Es notable que Irán haya anunciado la muerte de Khademi antes de que Israel o Estados Unidos asumieran la responsabilidad, algo que no es habitual. En la mayoría de los casos, Irán espera la confirmación de sus adversarios antes de reconocer la pérdida de altos mandos.
Majid Khademi había asumido el cargo de comandante de la organización de inteligencia del CGRI apenas cuatro días después de la muerte de su predecesor, Mohammad Kazemi, quien también falleció en un ataque israelí el 15 de junio de 2025, en pleno conflicto bélico. Esto subraya la intensidad de la confrontación y la vulnerabilidad de los altos cargos iraníes.
Khademi era una figura prominente en el aparato de seguridad iraní, con una larga trayectoria en diferentes puestos clave. Antes de dirigir la inteligencia del CGRI, fue jefe de la Organización de Protección de Inteligencia del Ministerio de Defensa y jefe de la Protección de Inteligencia de la Guardia Revolucionaria Islámica. Su experiencia y conocimiento lo convertían en un activo valioso para el régimen iraní.
En agosto del año pasado, Khademi había instado al Parlamento iraní a priorizar la finalización de una intranet nacional, argumentando que era esencial para salvaguardar la soberanía del ciberespacio iraní. Esta solicitud refleja la preocupación del gobierno iraní por la seguridad de sus comunicaciones y la creciente amenaza de ataques cibernéticos.
Desde el inicio de la guerra el 28 de febrero, Irán ha estado sujeto a un bloqueo de internet, aunque algunos sitios web y aplicaciones nacionales siguen siendo accesibles dentro del país. Esta restricción de acceso a la información ha sido criticada por organizaciones de derechos humanos y observadores internacionales.
Khademi también se pronunció sobre las violentas protestas antigubernamentales que sacudieron Irán en febrero. Acusó al presidente estadounidense Donald Trump de inflar el número de víctimas para justificar una posible intervención militar extranjera. Según Khademi, más de 10 servicios de inteligencia extranjeros, incluyendo la unidad de inteligencia y guerra cibernética israelí 8200, participaron en las protestas.
La agencia de noticias estadounidense Human Rights Activists News Agency informó que al menos 7,000 personas murieron en la represión de las protestas de enero. Esta cifra, si se confirma, representaría una grave violación de los derechos humanos y una escalada de la violencia por parte del gobierno iraní.

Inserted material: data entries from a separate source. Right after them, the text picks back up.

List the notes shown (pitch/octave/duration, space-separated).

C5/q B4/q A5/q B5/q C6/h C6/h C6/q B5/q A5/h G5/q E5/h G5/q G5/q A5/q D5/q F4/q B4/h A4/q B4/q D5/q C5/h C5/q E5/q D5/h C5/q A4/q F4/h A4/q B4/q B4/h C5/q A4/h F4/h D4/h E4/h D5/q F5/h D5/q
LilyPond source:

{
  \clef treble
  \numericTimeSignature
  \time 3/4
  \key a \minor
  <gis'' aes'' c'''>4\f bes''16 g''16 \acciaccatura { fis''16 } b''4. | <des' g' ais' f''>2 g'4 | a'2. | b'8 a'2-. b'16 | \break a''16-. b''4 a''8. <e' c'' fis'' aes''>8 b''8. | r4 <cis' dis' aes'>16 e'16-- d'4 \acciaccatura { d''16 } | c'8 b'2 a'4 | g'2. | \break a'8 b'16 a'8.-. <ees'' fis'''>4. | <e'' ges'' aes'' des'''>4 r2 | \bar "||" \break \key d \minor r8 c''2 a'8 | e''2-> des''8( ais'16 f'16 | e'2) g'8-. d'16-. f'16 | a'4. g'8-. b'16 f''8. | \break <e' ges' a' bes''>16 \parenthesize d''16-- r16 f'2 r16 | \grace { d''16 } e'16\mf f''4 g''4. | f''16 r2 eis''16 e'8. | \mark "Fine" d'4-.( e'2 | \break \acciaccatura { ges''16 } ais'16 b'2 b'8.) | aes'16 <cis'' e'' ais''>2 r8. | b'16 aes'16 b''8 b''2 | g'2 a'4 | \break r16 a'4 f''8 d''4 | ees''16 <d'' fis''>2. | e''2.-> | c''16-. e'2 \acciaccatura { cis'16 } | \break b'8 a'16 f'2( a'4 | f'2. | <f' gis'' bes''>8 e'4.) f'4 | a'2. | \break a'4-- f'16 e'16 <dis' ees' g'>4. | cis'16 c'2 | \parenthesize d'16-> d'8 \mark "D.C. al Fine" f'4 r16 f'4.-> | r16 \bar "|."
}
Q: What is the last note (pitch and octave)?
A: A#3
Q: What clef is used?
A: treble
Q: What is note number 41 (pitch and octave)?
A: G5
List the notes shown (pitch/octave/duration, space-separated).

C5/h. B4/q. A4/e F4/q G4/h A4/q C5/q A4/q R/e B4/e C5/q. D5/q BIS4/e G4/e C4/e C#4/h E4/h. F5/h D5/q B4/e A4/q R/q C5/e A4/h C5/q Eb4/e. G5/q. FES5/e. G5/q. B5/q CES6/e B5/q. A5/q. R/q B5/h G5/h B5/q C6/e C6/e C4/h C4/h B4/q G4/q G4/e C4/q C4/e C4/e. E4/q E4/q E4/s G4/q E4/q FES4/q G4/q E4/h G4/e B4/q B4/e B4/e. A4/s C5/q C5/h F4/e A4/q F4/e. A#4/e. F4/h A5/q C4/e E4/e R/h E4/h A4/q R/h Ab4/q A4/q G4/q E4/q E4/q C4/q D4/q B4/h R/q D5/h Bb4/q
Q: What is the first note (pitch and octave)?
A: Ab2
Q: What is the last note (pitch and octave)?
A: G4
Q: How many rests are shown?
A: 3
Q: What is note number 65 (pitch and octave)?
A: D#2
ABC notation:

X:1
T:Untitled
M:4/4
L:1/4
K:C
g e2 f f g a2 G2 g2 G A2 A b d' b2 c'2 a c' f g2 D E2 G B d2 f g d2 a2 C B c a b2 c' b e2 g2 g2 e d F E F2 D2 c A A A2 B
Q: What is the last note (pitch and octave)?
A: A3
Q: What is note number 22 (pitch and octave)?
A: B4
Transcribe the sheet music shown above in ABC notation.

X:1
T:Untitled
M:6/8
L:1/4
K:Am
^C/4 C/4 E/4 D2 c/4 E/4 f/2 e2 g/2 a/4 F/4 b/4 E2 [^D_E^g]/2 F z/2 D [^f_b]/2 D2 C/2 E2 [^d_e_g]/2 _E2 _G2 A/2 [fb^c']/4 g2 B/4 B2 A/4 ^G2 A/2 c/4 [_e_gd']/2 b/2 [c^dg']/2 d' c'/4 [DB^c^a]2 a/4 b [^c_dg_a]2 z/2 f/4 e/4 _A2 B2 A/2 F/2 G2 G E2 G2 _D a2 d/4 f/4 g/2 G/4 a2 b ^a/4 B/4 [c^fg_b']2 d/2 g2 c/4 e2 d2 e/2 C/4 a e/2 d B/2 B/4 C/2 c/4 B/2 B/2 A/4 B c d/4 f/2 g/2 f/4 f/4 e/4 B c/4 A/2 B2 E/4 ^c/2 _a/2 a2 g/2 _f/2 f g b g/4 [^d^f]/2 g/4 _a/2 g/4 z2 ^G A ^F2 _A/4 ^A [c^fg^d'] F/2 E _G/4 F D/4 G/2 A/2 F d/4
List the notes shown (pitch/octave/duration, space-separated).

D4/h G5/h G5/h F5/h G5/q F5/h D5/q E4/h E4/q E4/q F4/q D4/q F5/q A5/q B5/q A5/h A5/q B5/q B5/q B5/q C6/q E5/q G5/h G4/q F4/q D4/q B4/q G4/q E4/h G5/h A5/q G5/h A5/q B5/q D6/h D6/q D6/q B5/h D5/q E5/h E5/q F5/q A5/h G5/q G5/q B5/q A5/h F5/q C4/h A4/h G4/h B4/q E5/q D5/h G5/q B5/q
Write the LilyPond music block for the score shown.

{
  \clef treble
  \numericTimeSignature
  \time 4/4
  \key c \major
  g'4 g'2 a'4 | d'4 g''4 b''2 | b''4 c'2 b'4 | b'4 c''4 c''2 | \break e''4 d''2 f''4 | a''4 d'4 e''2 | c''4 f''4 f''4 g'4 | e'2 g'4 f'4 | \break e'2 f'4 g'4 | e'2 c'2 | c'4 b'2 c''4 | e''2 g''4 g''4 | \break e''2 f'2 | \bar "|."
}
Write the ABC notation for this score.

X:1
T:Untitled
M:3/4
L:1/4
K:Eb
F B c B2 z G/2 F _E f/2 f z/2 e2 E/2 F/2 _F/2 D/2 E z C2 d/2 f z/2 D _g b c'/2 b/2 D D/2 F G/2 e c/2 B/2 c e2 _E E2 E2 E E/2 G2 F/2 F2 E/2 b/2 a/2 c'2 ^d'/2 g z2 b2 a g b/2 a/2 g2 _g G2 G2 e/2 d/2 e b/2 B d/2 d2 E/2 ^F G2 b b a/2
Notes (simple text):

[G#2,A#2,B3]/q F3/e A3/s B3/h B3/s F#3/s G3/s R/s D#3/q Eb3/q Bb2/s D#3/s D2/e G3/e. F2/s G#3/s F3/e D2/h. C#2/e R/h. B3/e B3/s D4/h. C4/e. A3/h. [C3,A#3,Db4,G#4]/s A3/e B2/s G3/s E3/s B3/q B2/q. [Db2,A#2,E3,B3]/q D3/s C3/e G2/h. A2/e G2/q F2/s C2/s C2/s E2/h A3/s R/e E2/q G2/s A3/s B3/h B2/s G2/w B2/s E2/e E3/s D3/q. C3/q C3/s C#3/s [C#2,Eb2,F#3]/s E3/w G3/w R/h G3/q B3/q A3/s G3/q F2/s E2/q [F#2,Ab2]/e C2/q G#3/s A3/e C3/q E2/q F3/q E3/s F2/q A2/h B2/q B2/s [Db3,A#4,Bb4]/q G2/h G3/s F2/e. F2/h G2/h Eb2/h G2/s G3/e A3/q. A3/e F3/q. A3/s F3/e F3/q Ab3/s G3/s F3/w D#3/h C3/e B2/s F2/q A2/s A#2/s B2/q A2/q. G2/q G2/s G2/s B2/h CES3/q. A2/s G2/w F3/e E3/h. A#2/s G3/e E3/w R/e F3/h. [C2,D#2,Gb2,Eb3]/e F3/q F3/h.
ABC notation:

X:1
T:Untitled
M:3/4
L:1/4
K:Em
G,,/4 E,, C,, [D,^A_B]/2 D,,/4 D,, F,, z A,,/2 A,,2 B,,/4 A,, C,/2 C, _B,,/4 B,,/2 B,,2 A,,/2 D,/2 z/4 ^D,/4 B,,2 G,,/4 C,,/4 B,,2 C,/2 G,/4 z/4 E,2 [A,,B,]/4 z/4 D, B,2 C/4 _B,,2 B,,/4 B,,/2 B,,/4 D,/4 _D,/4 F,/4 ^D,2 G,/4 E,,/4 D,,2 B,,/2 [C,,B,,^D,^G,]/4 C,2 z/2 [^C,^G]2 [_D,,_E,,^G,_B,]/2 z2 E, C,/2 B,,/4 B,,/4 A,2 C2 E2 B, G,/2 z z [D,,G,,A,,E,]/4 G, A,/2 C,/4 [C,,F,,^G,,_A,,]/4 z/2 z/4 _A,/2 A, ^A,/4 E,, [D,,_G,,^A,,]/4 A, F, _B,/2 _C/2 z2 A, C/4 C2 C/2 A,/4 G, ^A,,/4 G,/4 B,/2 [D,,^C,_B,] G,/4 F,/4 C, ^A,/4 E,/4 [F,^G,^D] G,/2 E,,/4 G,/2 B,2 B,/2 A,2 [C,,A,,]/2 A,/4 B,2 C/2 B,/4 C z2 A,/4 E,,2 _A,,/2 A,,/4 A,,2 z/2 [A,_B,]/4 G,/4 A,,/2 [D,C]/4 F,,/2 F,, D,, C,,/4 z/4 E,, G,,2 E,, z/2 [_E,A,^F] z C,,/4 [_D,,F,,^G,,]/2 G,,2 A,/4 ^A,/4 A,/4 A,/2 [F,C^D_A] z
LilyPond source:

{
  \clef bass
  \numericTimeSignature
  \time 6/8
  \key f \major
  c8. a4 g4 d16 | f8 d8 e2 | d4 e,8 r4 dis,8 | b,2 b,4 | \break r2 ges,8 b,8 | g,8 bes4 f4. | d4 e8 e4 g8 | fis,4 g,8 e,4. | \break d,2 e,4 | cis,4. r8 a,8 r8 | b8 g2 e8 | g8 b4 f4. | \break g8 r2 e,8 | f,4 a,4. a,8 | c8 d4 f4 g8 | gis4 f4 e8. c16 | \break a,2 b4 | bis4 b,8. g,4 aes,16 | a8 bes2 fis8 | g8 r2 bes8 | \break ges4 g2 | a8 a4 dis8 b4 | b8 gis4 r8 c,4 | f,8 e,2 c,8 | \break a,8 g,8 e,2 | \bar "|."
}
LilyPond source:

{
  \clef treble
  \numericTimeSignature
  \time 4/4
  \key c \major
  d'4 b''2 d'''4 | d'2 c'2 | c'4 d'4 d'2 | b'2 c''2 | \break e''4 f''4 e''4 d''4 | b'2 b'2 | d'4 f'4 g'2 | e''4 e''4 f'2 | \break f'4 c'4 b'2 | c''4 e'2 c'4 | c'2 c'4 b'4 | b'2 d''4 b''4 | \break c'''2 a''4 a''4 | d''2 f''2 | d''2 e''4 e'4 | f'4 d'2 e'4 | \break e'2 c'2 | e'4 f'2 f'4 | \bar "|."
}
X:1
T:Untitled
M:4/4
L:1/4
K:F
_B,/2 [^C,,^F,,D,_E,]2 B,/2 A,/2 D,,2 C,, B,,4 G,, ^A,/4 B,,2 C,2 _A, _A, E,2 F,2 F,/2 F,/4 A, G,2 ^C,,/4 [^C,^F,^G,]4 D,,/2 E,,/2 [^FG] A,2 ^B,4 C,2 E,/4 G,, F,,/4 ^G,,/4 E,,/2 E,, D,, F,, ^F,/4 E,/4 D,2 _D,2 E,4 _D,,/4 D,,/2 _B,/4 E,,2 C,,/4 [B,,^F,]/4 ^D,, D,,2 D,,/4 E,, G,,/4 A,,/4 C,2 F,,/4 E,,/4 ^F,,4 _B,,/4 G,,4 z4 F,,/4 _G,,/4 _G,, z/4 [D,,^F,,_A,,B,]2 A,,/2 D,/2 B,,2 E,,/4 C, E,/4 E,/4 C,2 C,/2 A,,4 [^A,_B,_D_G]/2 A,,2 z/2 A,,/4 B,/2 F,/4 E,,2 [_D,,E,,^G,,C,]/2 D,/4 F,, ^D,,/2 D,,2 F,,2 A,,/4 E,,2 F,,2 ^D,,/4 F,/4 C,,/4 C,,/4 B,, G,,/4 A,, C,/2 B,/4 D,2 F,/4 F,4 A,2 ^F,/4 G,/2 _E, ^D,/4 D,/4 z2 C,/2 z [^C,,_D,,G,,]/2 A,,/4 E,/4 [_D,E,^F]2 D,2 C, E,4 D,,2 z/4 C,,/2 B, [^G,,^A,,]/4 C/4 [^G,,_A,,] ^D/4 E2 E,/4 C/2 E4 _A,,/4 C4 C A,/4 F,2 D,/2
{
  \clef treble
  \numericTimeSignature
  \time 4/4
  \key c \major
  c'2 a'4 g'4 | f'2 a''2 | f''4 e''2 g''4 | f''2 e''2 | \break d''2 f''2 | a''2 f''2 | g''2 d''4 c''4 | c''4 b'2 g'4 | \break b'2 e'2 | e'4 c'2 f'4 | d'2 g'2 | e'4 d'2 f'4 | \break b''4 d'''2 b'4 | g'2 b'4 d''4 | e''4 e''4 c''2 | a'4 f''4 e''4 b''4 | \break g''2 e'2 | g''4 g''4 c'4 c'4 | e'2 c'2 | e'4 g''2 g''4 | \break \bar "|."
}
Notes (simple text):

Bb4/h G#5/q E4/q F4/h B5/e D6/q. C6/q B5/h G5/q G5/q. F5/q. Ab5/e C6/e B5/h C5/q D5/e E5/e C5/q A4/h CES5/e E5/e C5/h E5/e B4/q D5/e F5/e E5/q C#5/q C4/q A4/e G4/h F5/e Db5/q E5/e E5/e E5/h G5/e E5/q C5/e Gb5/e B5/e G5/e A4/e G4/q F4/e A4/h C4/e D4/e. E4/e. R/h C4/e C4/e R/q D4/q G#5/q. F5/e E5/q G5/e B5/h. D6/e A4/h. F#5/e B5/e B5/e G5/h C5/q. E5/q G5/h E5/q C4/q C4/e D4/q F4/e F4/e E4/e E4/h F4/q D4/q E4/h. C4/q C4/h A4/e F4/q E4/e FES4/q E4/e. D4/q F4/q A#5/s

La muerte de Majid Khademi se produce en un momento de gran inestabilidad en la región. El cierre del estrecho de Ormuz, una vía marítima estratégica, ha generado tensiones y preocupaciones sobre el suministro de alimentos a Irán. El presidente Trump ha amenazado con destruir infraestructura civil iraní si no se reabre el estrecho, lo que podría desencadenar una nueva escalada del conflicto.
Además, la guerra Irán-Israel ha provocado divisiones incluso dentro de las familias iraníes, con enfrentamientos y desacuerdos sobre el conflicto. La situación interna en Irán es cada vez más precaria, con una economía en crisis, protestas sociales y una creciente represión por parte del gobierno.
El asesinato de Khademi, reivindicado por Israel, es un claro mensaje de determinación y una señal de que la confrontación entre ambos países está lejos de terminar. La escalada de la tensión podría tener consecuencias impredecibles para la estabilidad regional y global. La comunidad internacional observa con preocupación la evolución de la situación y teme que el conflicto se extienda a otros países de la región.